4. Experimental Validation
To validate the algorithm’s performance, numerical experiments were conducted on the News20 and ALOI datasets. The results show that the proposed algorithm performs well under different node counts and triggering thresholds, significantly outperforming baseline methods. Additionally, the experiments validate the effectiveness of the event-triggered mechanism in reducing communication rounds, especially in large-scale networks.
Main Results
1. Algorithm Convergence
The theoretical analysis shows that the proposed algorithm achieves sublinear regret growth for convex objective functions. Specifically, the regret upper bound is O(√T), consistent with existing distributed online optimization algorithms. However, the proposed algorithm significantly reduces communication overhead through the event-triggered mechanism.
2. Experimental Performance
Experiments on the News20 and ALOI datasets demonstrate that the proposed algorithm performs well under different node counts and triggering thresholds. As the number of nodes increases, the average loss gradually increases but eventually converges. Moreover, smaller triggering thresholds accelerate the algorithm’s convergence speed.
3. Effectiveness of the Event-Triggered Mechanism
The experimental results show that the event-triggered mechanism significantly reduces communication rounds, especially in large-scale networks. As the triggering threshold increases, communication rounds are significantly reduced, alleviating network communication pressure.
Conclusions and Significance
This paper proposes a distributed Frank-Wolfe online optimization algorithm based on an event-triggered mechanism, significantly improving the efficiency of distributed network systems by reducing communication overhead and computational costs.
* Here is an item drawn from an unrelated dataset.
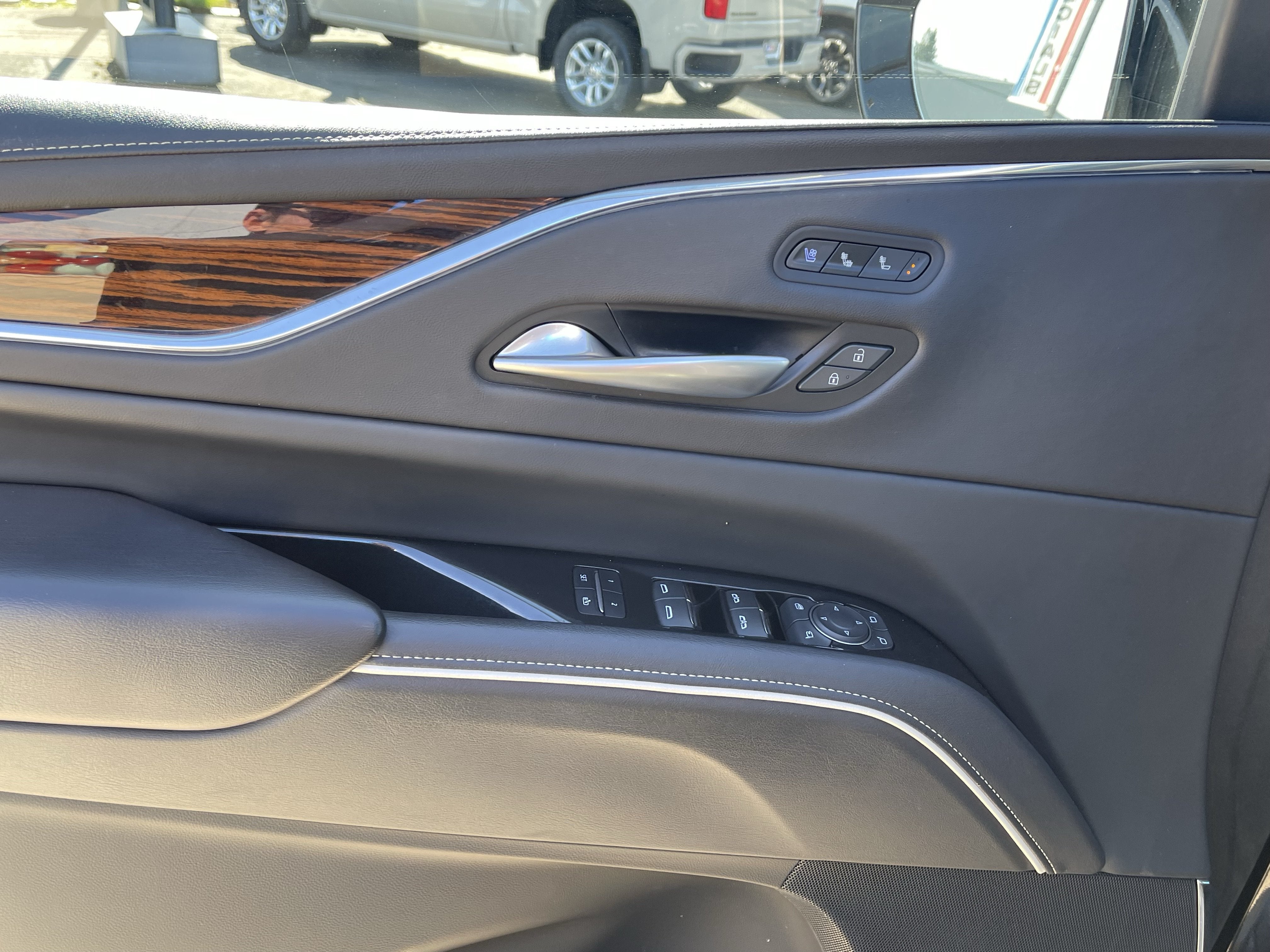 2023 Cadillac Escalade ESV 4WD Premium Luxury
Theoretical analysis and experimental validation demonstrate that the algorithm achieves sublinear regret growth for convex objective functions and performs well on real-world datasets.
Scientific Value
This research provides an efficient solution for distributed online optimization problems, particularly in high-dimensional constrained optimization, where projection-free methods avoid complex projection operations and reduce computational costs.
Application Value
The proposed algorithm is suitable for large-scale distributed network systems, such as sensor networks and the Internet of Things (IoT), enabling efficient online optimization with limited communication resources.
Research Highlights
- Event-Triggered Mechanism: By introducing an event-triggered mechanism, the algorithm only exchanges information between nodes when necessary, significantly reducing communication overhead.
- Projection-Free Method: The Frank-Wolfe algorithm is used as a projection-free method, avoiding complex projection operations in high-dimensional constrained optimization and reducing computational costs.
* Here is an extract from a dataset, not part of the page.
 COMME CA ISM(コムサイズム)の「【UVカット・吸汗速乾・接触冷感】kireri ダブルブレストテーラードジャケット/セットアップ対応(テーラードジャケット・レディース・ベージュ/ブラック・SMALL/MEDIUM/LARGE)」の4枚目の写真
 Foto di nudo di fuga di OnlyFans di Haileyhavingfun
- Theoretical Guarantees: The paper provides a rigorous theoretical analysis of the algorithm’s convergence, proving sublinear regret growth for convex objective functions.
- Experimental Validation: Experiments on multiple datasets validate the algorithm’s effectiveness and robustness, particularly in large-scale networks.
Other Valuable Information
The paper also explores the impact of different network topologies on algorithm performance. Experiments show that the algorithm converges fastest in fully connected networks. Additionally, the paper compares the proposed algorithm with other distributed online optimization algorithms, such as DEFW and DGD, demonstrating significant advantages in convergence speed and communication efficiency.
Through this research, we not only provide an efficient solution for distributed online optimization problems but also offer new insights for future research, particularly in further optimizing communication efficiency and computational costs.